March 01, 2009

Battlefield Earth

Ooga Booga Booga
Hubbard's Sci-fi Fantasy Means Less Than Zero
by Cole Smithey

Battlefield_earth_ver1 "Battlefield Earth," based on a crappy 1982 sci-fi novel by cult religion dipshit L. Ron Hubbard, is so inept and pathetic that it should forever end any questions about the validity of Hubbard’s manufactured religion of Scientology. This grade Z movie should likewise have the effect of insuring that none of its cast, crew, or director ever be allowed to work in cinema ever again. In spite of, Scientology member and Battlefield Earth actor and producer, John Travolta’s statements about there being "no connection between "Battlefield Earth" and Scientology," the correlation is unavoidable. Part of Scientology’s pitch is that, 75 million years ago, an evil ruler named "Xenn" implanted evil spirits (called Thetans) inside volcanoes on Earth, and that all humans are made up of these "Thetans," which can only be removed by spending lots of money on Scientology. Chortle.

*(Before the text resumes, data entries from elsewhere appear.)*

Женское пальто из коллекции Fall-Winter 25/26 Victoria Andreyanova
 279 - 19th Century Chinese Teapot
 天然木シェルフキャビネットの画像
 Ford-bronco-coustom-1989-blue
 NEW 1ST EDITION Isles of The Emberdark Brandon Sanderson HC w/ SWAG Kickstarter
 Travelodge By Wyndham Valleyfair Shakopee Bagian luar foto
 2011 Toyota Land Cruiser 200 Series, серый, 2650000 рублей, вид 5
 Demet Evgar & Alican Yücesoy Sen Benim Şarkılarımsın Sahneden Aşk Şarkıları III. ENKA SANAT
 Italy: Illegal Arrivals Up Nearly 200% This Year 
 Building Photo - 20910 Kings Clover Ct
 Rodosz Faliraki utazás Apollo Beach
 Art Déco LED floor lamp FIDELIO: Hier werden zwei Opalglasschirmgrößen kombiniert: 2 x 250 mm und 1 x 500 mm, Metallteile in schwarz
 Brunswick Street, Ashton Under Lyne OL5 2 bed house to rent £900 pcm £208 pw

In "Battlefield Earth," the year is A.D. 3000 and man is an endangered species enslaved by Klingon-styled aliens (called "Pyschlos") from the planet — you guessed it — Psychlo. Man has somehow devolved into a gloomy existence as dumb tribal cave dwellers, soon-to-be-led by dummy caveman number one, Jonnie Goodboy Tyler (Barry Pepper - Saving Private Ryan). Psychlo Earth chief, Terl (John Travolta - Pulp Fiction) is especially mean and nasty because, aside from having long stinky dreadlocks, he has just been ordered by the Psychlo "home office" to remain in command on Earth for the rest of his life rather than return to his home planet as he had planned. Terl schemes for vengeance by having his "man-animal" slaves mine enough gold that he can buy his way into becoming ruler of Psychlo. Terl makes the fateful mistake of strapping Jonnie in front of a wisdom machine that lasers vast quantities of information into Jonnie’s little "man-animal" brain. Jonnie emerges from his Clockwork Orange crash course to impart geometry rules about triangles to his cohorts. With this important (sic) information, the man-animals outsmart their keepers by waltzing into Fort Knox and removing enough gold distract Terl, so they can blow everything up and win their freedom. You can practically hear Hubbard yukking it up to himself while he wrote this crap — "yeah, that’s a pretty good ideer."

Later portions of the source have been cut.